> [RECORDS SUPPLIED]

------

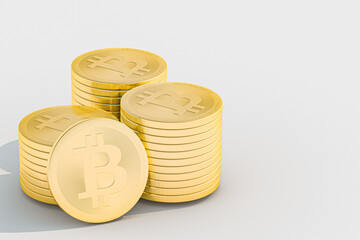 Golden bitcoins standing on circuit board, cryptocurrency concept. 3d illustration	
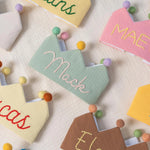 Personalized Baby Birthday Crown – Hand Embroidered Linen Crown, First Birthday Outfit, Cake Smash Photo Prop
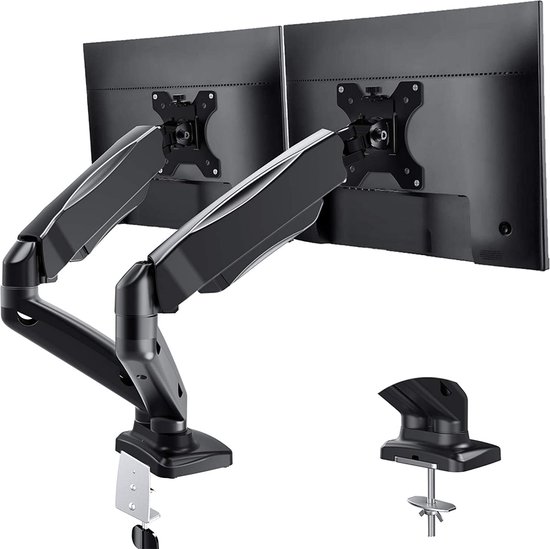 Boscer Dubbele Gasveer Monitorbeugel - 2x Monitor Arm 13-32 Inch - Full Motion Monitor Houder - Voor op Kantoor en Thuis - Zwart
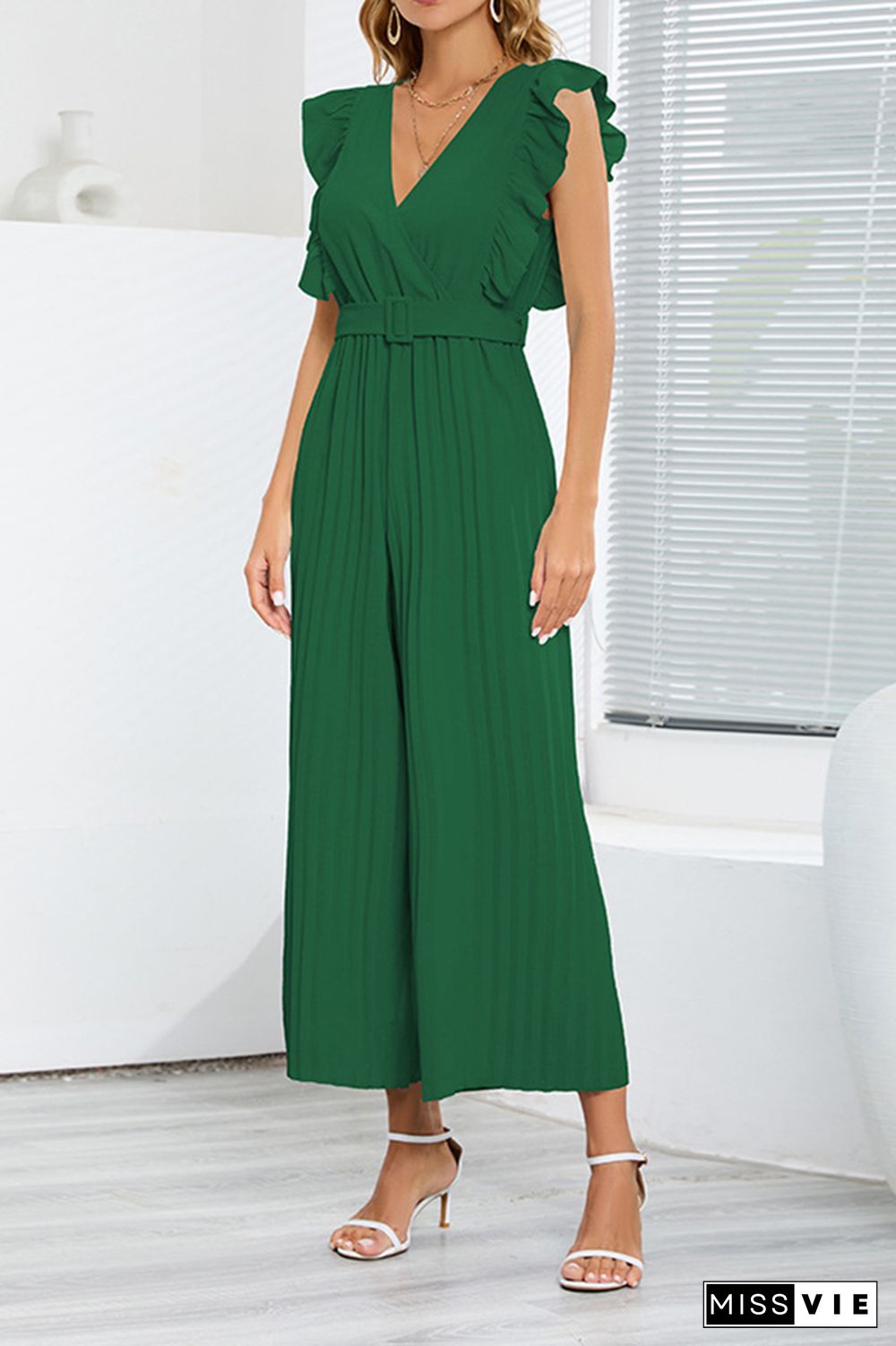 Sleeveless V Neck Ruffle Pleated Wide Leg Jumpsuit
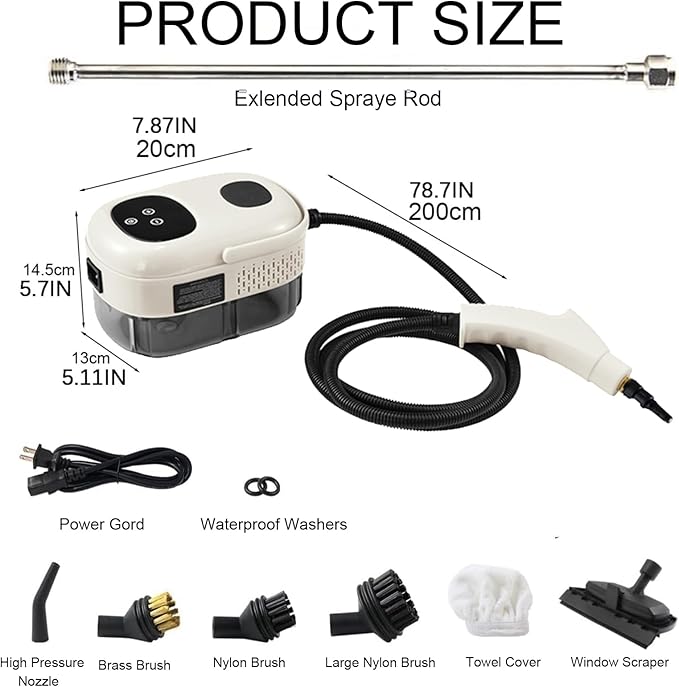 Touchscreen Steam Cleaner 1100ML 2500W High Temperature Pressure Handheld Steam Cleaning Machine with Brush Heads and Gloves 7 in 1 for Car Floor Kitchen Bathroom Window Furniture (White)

------

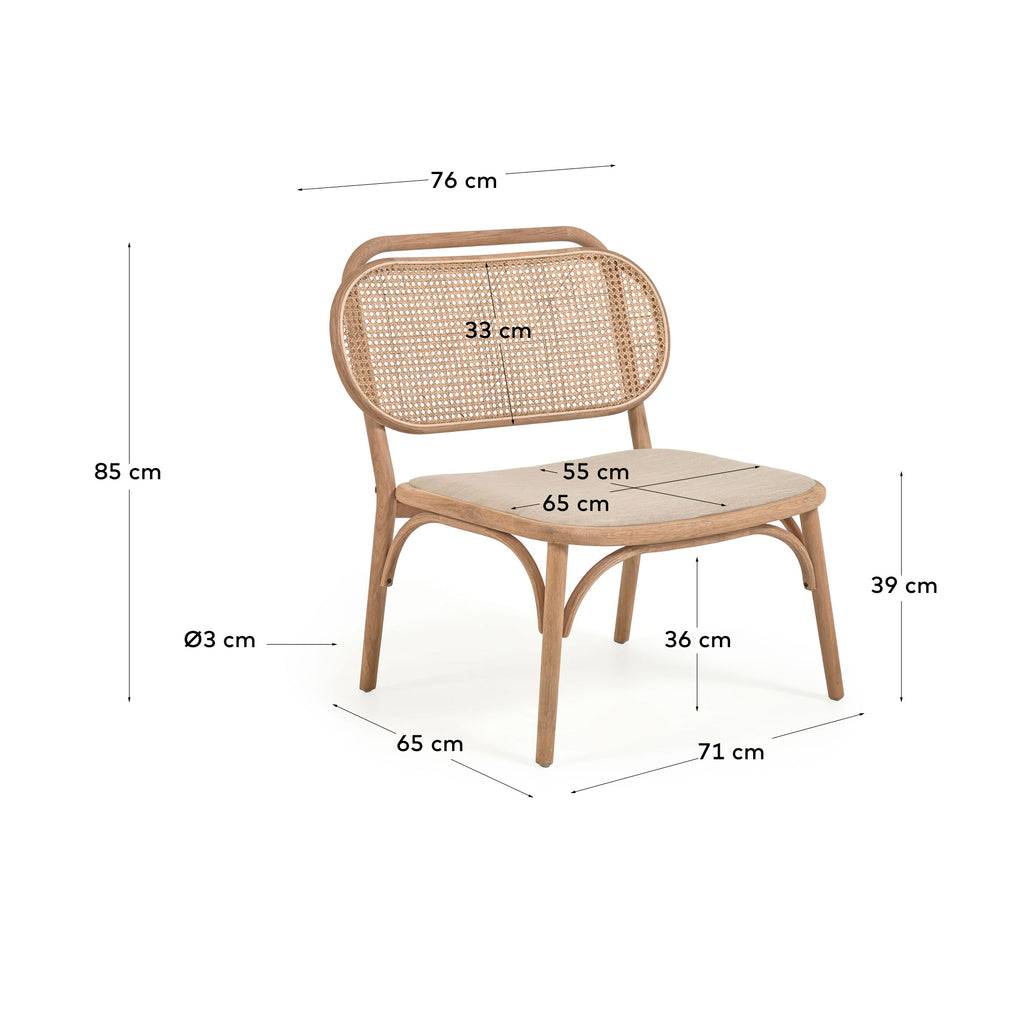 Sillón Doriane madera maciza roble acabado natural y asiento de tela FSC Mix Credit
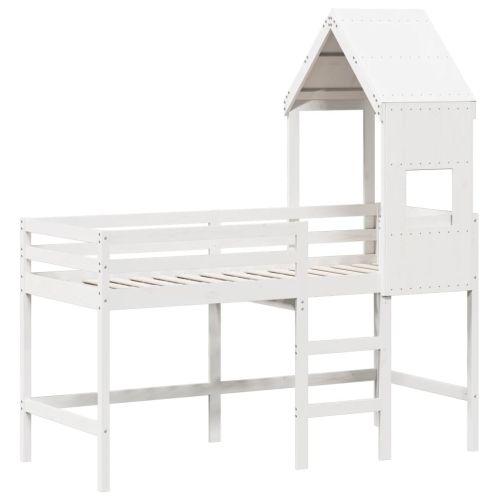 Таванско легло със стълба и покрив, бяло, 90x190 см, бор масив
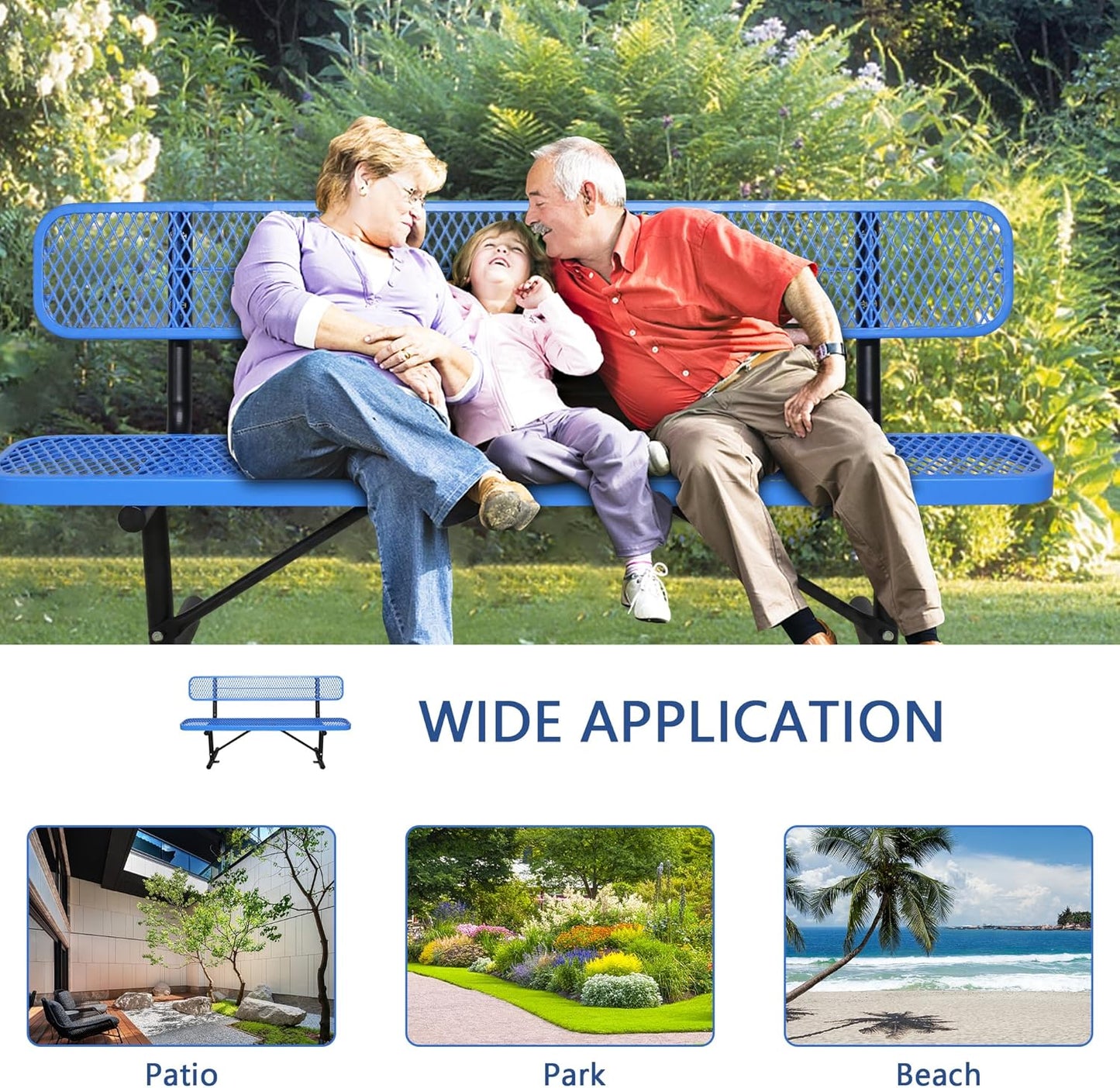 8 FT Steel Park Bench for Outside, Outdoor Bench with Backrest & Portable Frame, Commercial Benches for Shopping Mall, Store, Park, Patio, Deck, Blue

------

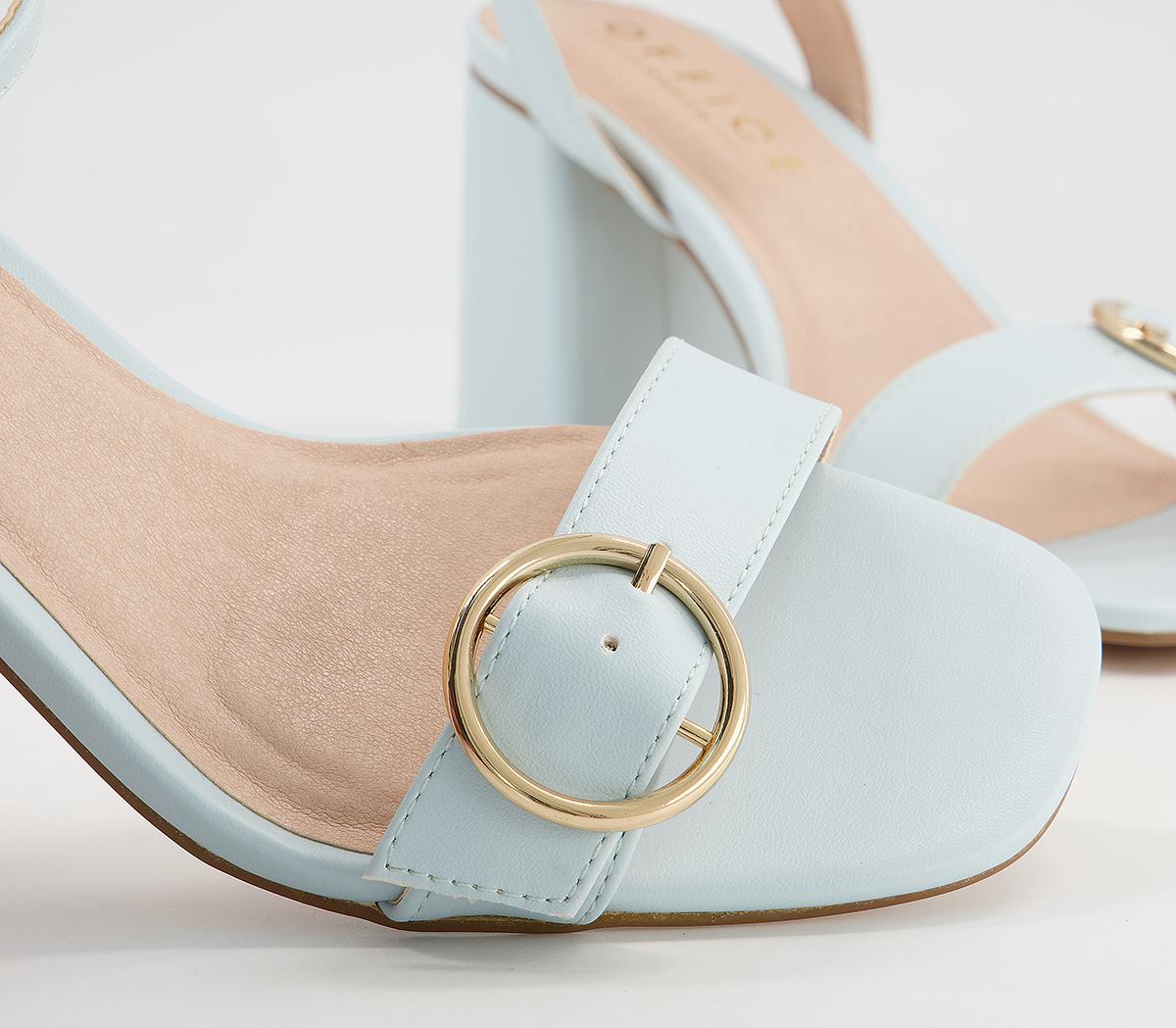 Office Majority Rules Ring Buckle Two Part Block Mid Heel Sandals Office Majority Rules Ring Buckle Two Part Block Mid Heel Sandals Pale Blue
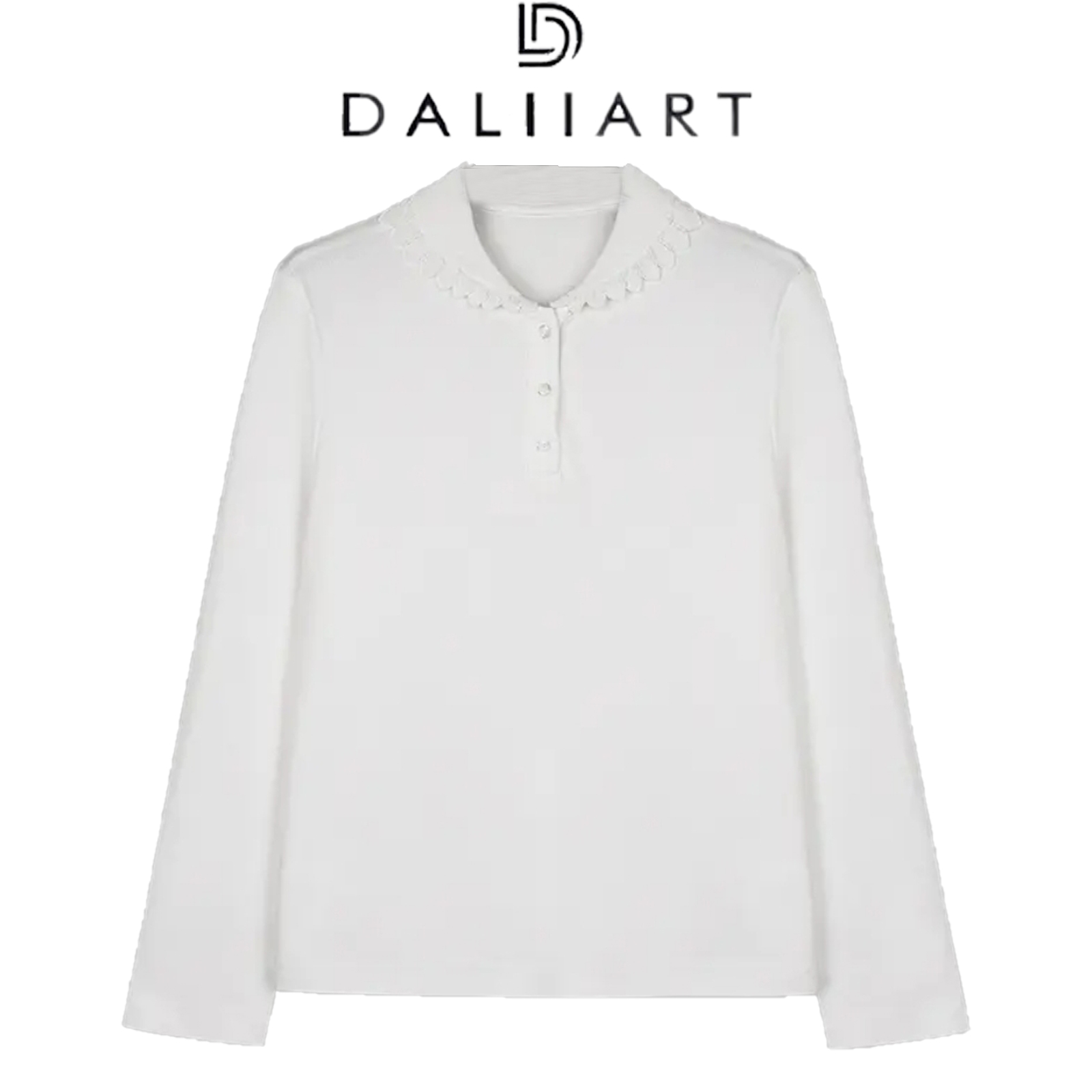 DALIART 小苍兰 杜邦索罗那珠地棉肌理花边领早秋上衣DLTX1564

------

Pictures in the entries do not go into the copy. Print only the lines starting at the one containing "Golden bitcoins standing" and ending at the one containing "Personalized Baby Birthday", exactly as they appear.

 Golden bitcoins standing on circuit board, cryptocurrency concept. 3d illustration	
 Personalized Baby Birthday Crown – Hand Embroidered Linen Crown, First Birthday Outfit, Cake Smash Photo Prop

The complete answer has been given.